» WHAT YOU SHOULD DO
Copy the lines below exactly, starting with the first and finishing with the one holding "Preview: Kette 10mm"; do not copy the pictures.

» STORED DATA
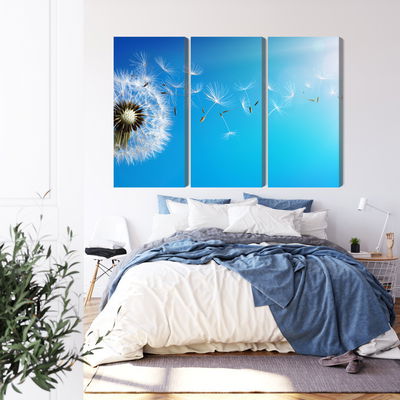 Ljuddämpande tavla - Dandelion with flying seeds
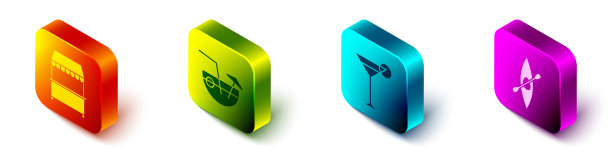 设置等距的街道摊位与遮阳椰子图片下载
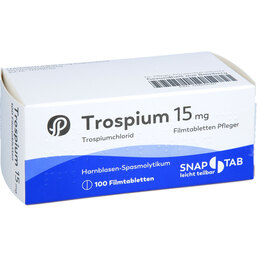 Abbildung: Trospium 15 mg Filmtabletten Pfleger 100 St, Filmtabletten PZN 03645430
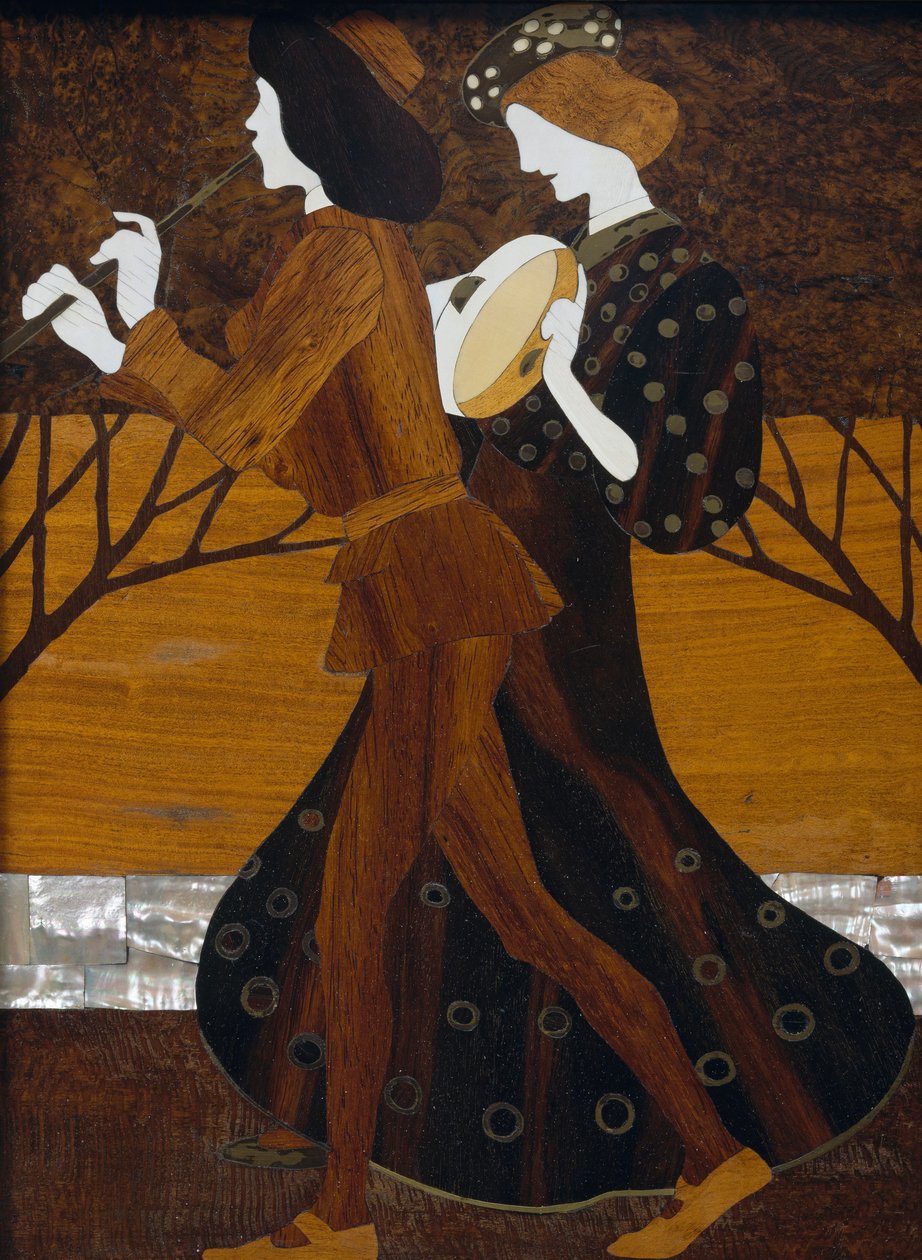 Kommode, ca 1908, af Leopold Bauer (1872-1938), valnød, messing og perlemor, Detail, Østrig, 20. århundrede af Leopold Bauer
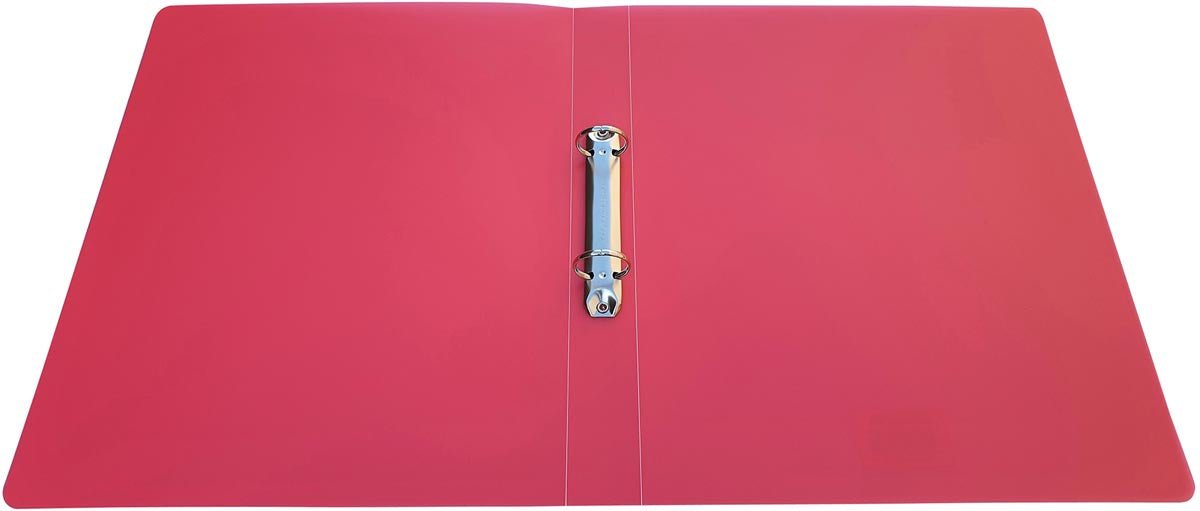 Alpha Ringmap A4 formaat, PP materiaal, 2 ringen van 25 mm, transparant rood - OfficeTown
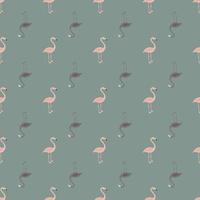 motif harmonieux de tons pâles avec imprimé tropique doodle flamingo bird. fond bleu dans la palette pastel. vecteur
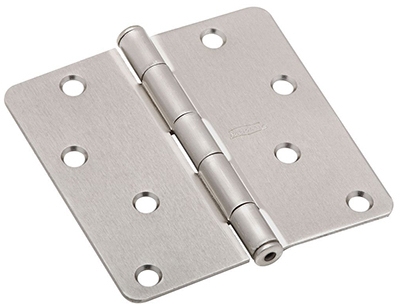 Door Hinge, Interior, Satin Nickel, 4-In.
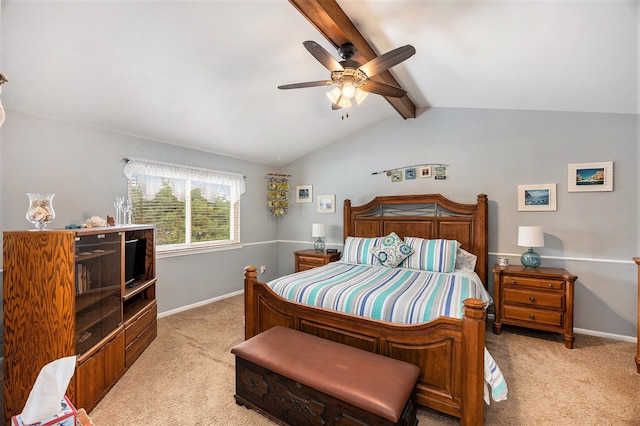 bedroom featuring ceiling fan, light carpet, and vaulted ceiling with beams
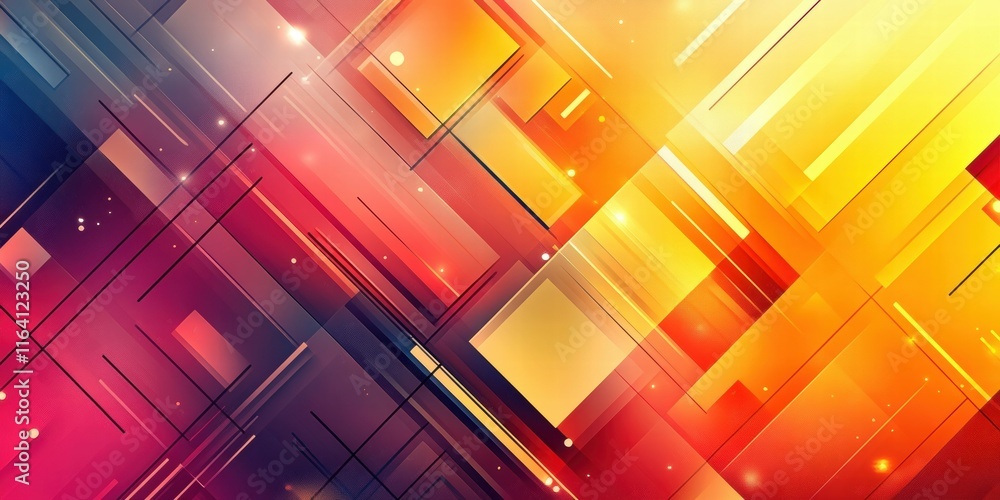 Aufkleber Abstract geometric design with vibrant colors and dynamic shapes.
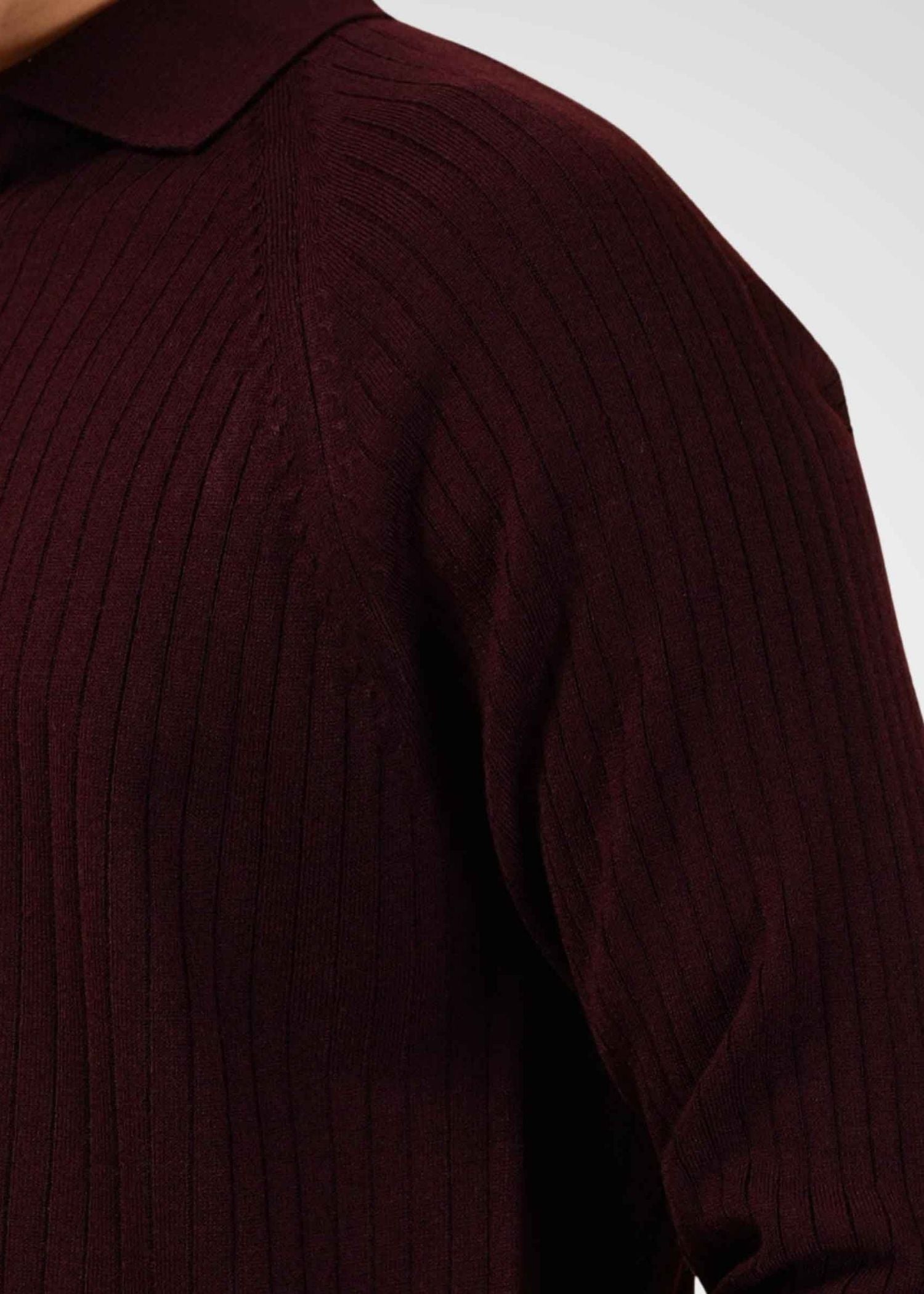 Core Zip Polo in Maroon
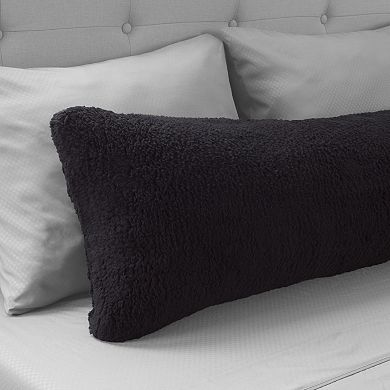 Lavish Home Sherpa Body Pillow Cover With Side Zipper 18"x52"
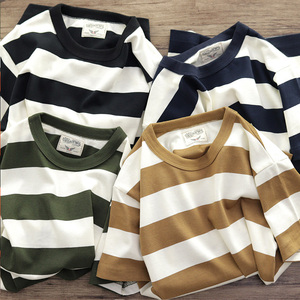 280g Retro biển Linh Hồn T-Shirt cho nam giới phụ nữ RộNg SọC thiết kế đôi sợi cố định dệt nặng cotton ngắn tay áo 100% cotton - Product Image 2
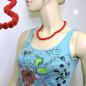 Preview: Kette 10mm Kunststoffperlen rot-glänzend 50cm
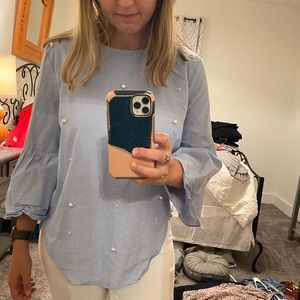 Business casual blue and pearl shirt
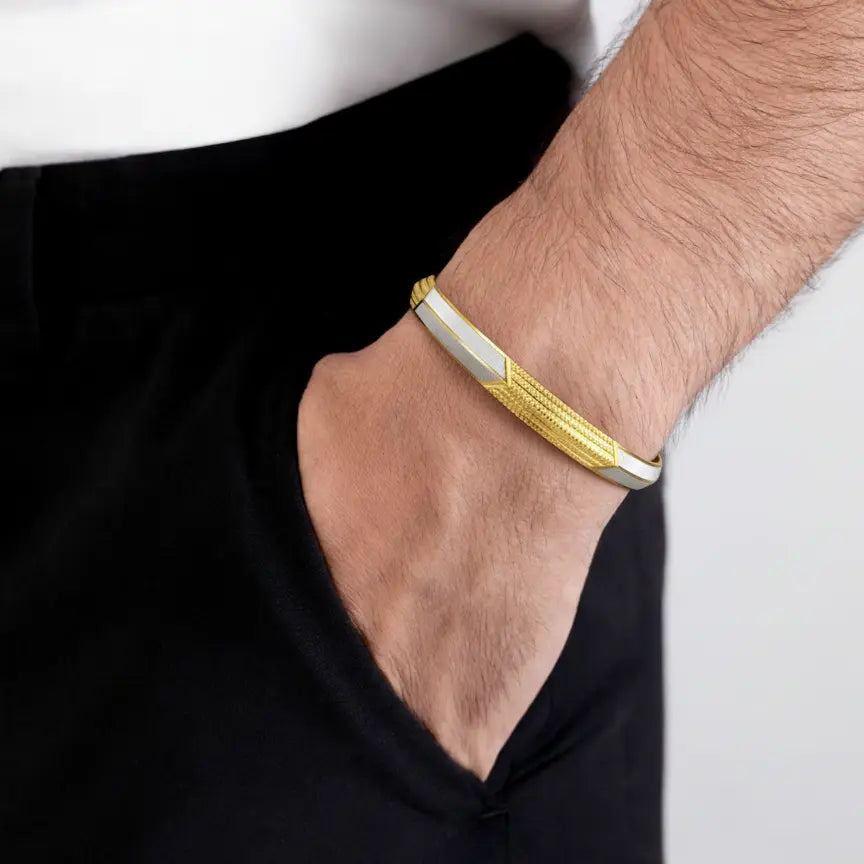 Arrow Men's Rodium Gold Kada GLITZORA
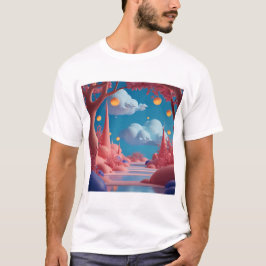 ピンクのエイリアンワールド Tシャツ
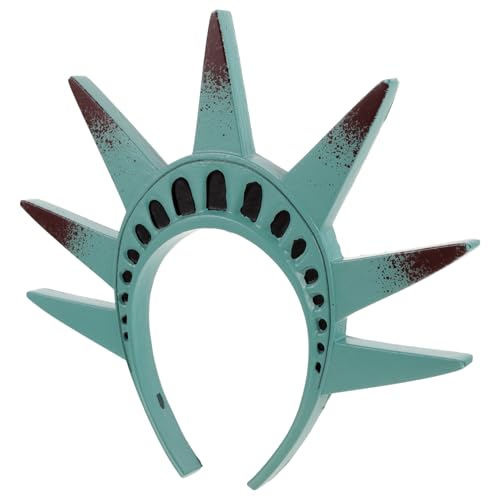 Housoutil Freiheitsstatue Krone Stirnband, Mehrfarbige PU Kostüm Kopfbedeckung für Halloween Cosplay Unabhängigkeitstag Party 29 * 25,5 cm von Housoutil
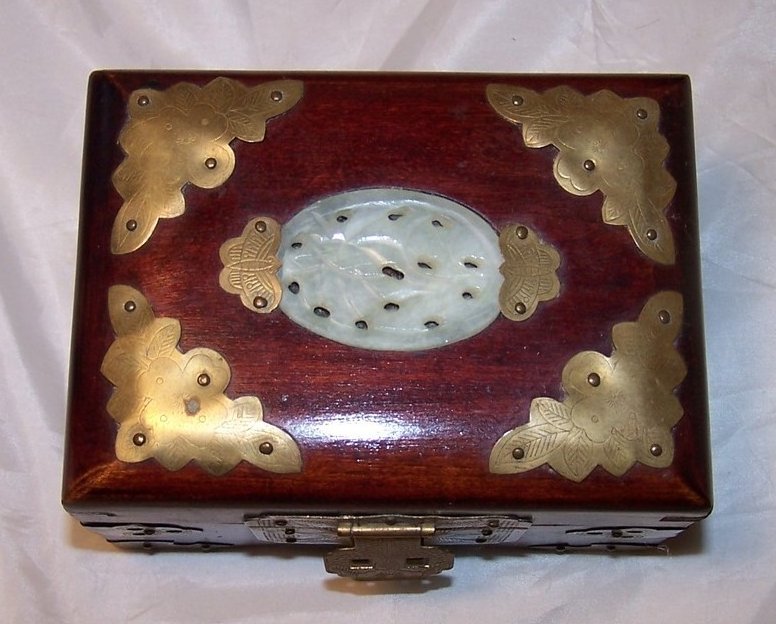 Jewelry Box, Brass Accents, Carved Stone, Cherry Wood Finish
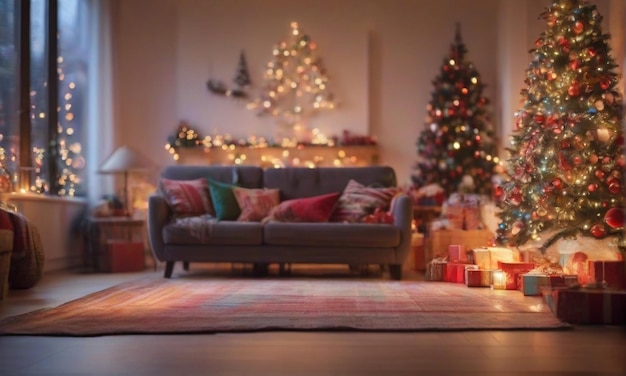 Blurred Christmas living room with tree gifts boxs and colorful lights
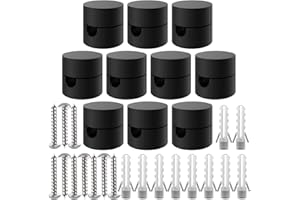 ‎ZOHAR ZOHAR 10 Stück Zweiteilige Wand- und Deckenpins Schwarz für Textilkabel Deckenbefestigung Affenschaukel Aufputz-Kabelhalter für Lampe DIY mit Schrauben und Dübeln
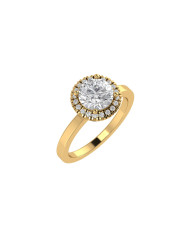 Round Halo engagement ring 6.5mm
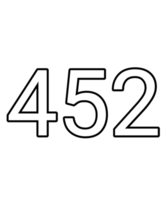 Black and white color numbers 452 png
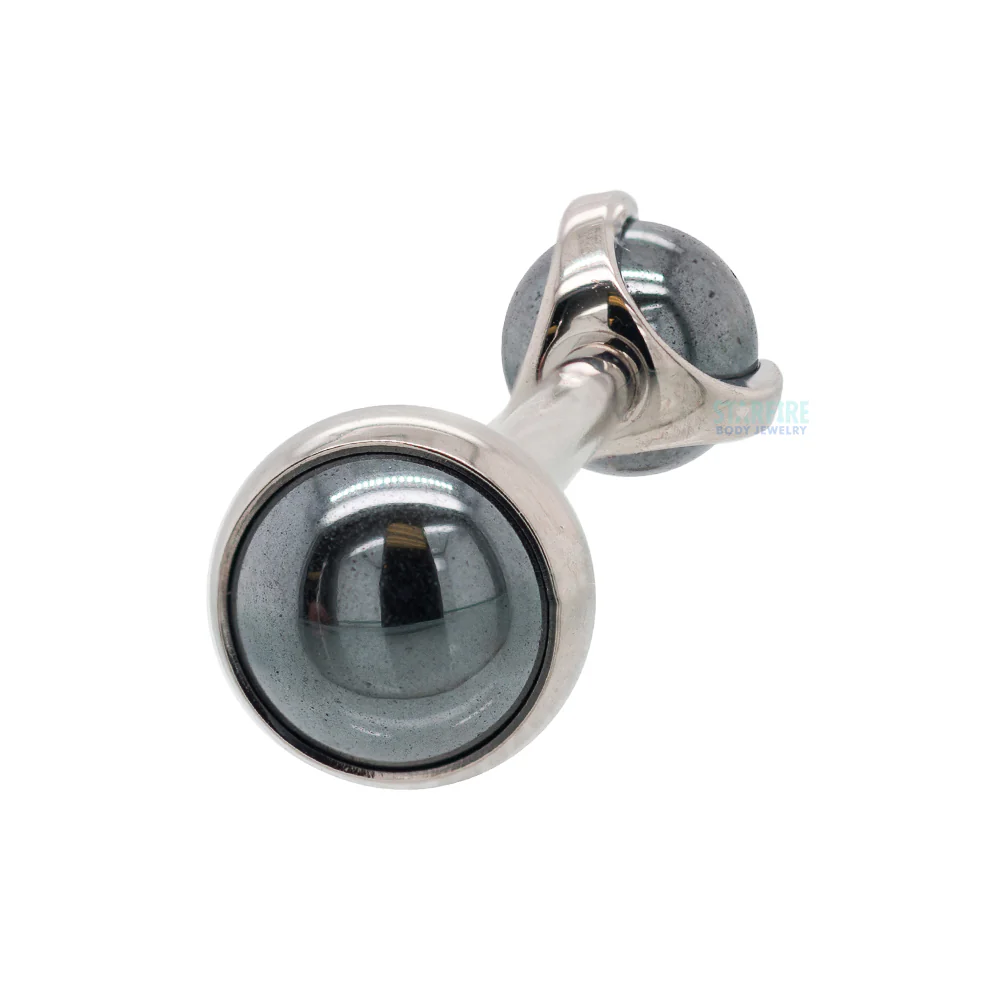 Natural Stone Cabochon & Ball in Prong's Tongue Barbell - Image 9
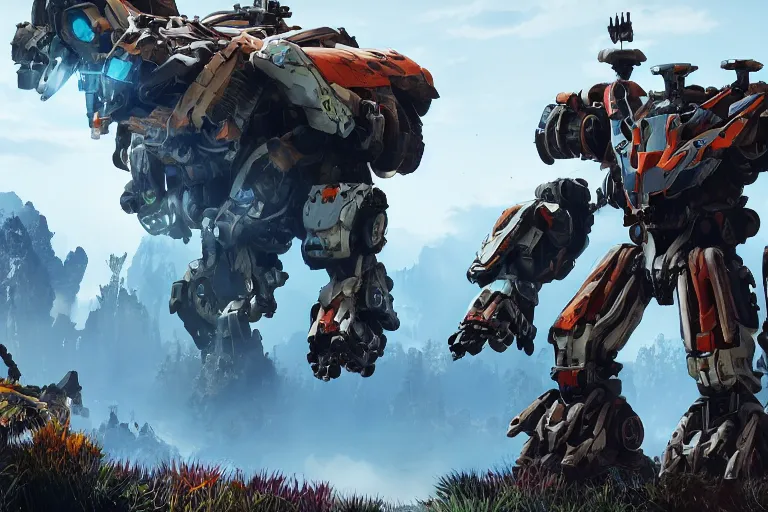 Image similar to scrapper machine mecha animal beast robot of horizon forbidden west horizon zero dawn bioluminiscence global illumination ray tracing hdr fanart arstation by sung choi and eric pfeiffer and gabriel garza and casper konefal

» EXERCISE ANSWER
 Ljuddämpande tavla - Dandelion with flying seeds
 设置等距的街道摊位与遮阳椰子图片下载
 Abbildung: Trospium 15 mg Filmtabletten Pfleger 100 St, Filmtabletten PZN 03645430
 Kommode, ca 1908, af Leopold Bauer (1872-1938), valnød, messing og perlemor, Detail, Østrig, 20. århundrede af Leopold Bauer
 Alpha Ringmap A4 formaat, PP materiaal, 2 ringen van 25 mm, transparant rood - OfficeTown
 motif harmonieux de tons pâles avec imprimé tropique doodle flamingo bird. fond bleu dans la palette pastel. vecteur
 Door Hinge, Interior, Satin Nickel, 4-In.
 bedroom featuring ceiling fan, light carpet, and vaulted ceiling with beams
 Aufkleber Abstract geometric design with vibrant colors and dynamic shapes.
 Core Zip Polo in Maroon
 Lavish Home Sherpa Body Pillow Cover With Side Zipper 18"x52"
 280g Retro biển Linh Hồn T-Shirt cho nam giới phụ nữ RộNg SọC thiết kế đôi sợi cố định dệt nặng cotton ngắn tay áo 100% cotton - Product Image 2
 Preview: Kette 10mm Kunststoffperlen rot-glänzend 50cm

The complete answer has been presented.